'Can I get you anything else?'
'Yes please, the bill.' **Slightly awkward moment. That was the last thing I said to the guy waiting my table. That is, apart from saying sorry it hadn't worked out, as I left sooner than I had planned. I've been to La Muse once before, it was sunny, there were herbs and tomatoes ripening on the vine in the garden area and the owner was really great with me. I wanted a mint tea with proper mint. No problem, my wish granted in a hot minute (less than).
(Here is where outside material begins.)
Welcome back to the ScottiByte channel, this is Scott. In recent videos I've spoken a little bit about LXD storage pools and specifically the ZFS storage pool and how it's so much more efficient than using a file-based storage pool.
So I thought I'd experience something similar this time round. It was so disappointing, I can't tell you. I ordered the vegetable tagine and a single soy latte. I was kindly offered water which arrived in one of those nice kilner type bottles, with a cute tumbler. The coffee came next, in one of those ceramic highballs you get from Ikea. My goodness, talk about a long drink of scorched milk with only a vague taste of coffee (eew). Should have got the double shot. Really? But the single shot should at least taste of something. Good coffee is like or at least should be, the foundation of any cafe. It's either the first, last or only thing you might have so you're gonna remember it. Even Costa have decent coffee!
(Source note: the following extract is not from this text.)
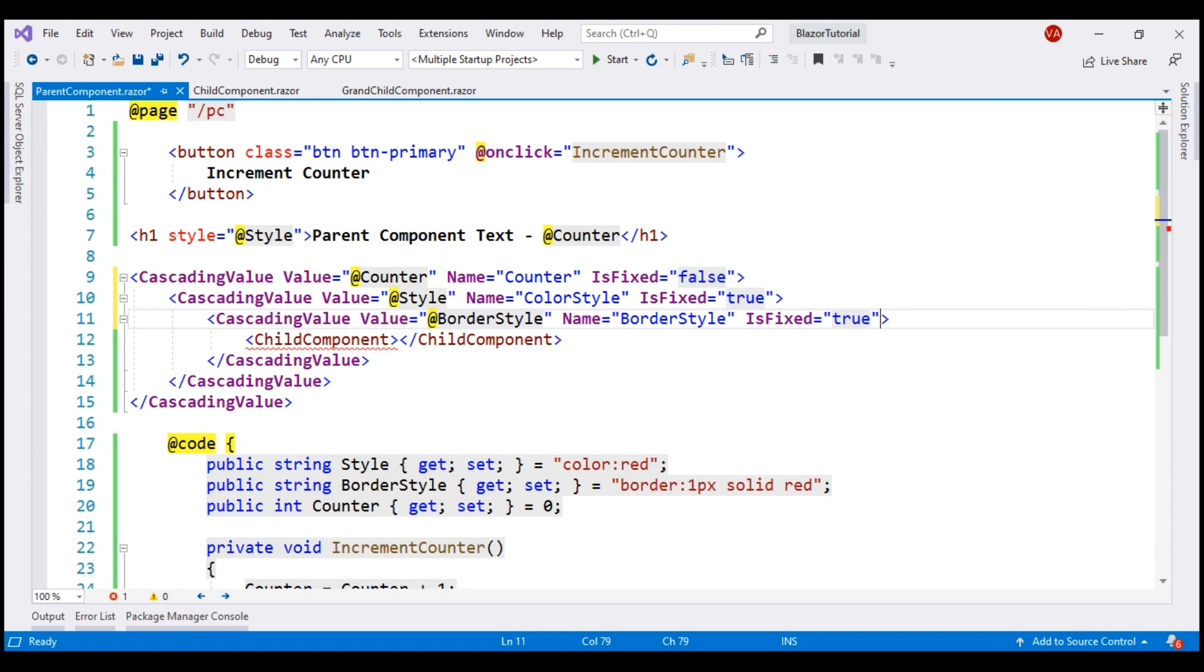When the cascaded value changes, all the components in the entire component tree that use the cascaded value are automatically updated. We have seen this in action just now.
The tagine arrived. It looked like steaming dishwater, where most of the dishes had already been washed up. I asked if I could have a proper sized portion and that it in no way looked like £7 worth of food. That and a tiny bowl of slightly sour in odour bulgar wheat. Now these are not very expensive ingredients. It's vegetables and a bit if chunky couscous for goodness sake! Go ahead and pile it up, right? So while I waited for him to return with a larger portion I hoped the bulgar wouldn't give me food poisoning (I guess I was that famished). There were some additional carrots and the dish was rearranged to make a pile of veg. I already knew this was going to be a disaster, but I persisted and dumped the bulgar on top and dug in. It actually tasted of dishwater. It was dishwater with a little cumin added. I have eaten mediocre tagine in Marrakesh and I have eaten proper homemade tagine in said mecca of all tagine on the planet. But my God even the worst native tagine would wipe the floor with that dish of disgust I put to one side hoping I wouldn't have to smell the sour scent from the bulgar for much longer. I wasn't angry, just embarrassed and had to ask how long that bulgar wheat had been sitting in the fridge. It wasn't fit to serve, so shame on the chef who put that in a bowl to serve to a customer, me!
I'm sorry, but I can't wrap this up without describing the vegetables in the brown cumin dishwater. Some chunky, watery carrots, a piece of stringy sweet potato, fennel (or celery) and no word of a lie, something green and jelly like that could have been seaweed. I know, how could I have even put that in my mouth, but that's the thing! There is not much I don't eat (outside of meat as I'm a veggie)!! It was honestly the worst meal I have ever been served up, anywhere in the world, in my life. Now I'm not saying any of this to be cruel, I'm just incredulous, really. The whole thing felt... mean. Scrimping and saving with the tiny portion and the watery coffee. The customer shouldn't have to feeeel the establishment trying to keep the costs down.
I took a photo of the dishwater veg with the sour bulgar on top, but I won't post it, I think I have said more than enough. I had to get it off my chest. Sos :/
The table I sat at was nice and cosy, there was a bookshelf next to me. I like books. There was wifi. The waiter was nice. I didn't have to pay for the food even though I offered. I paid for the latte. I left a tip. The guy across from me had a large plate with what looked like an amazing slice of carrot cake. Should have gone for that.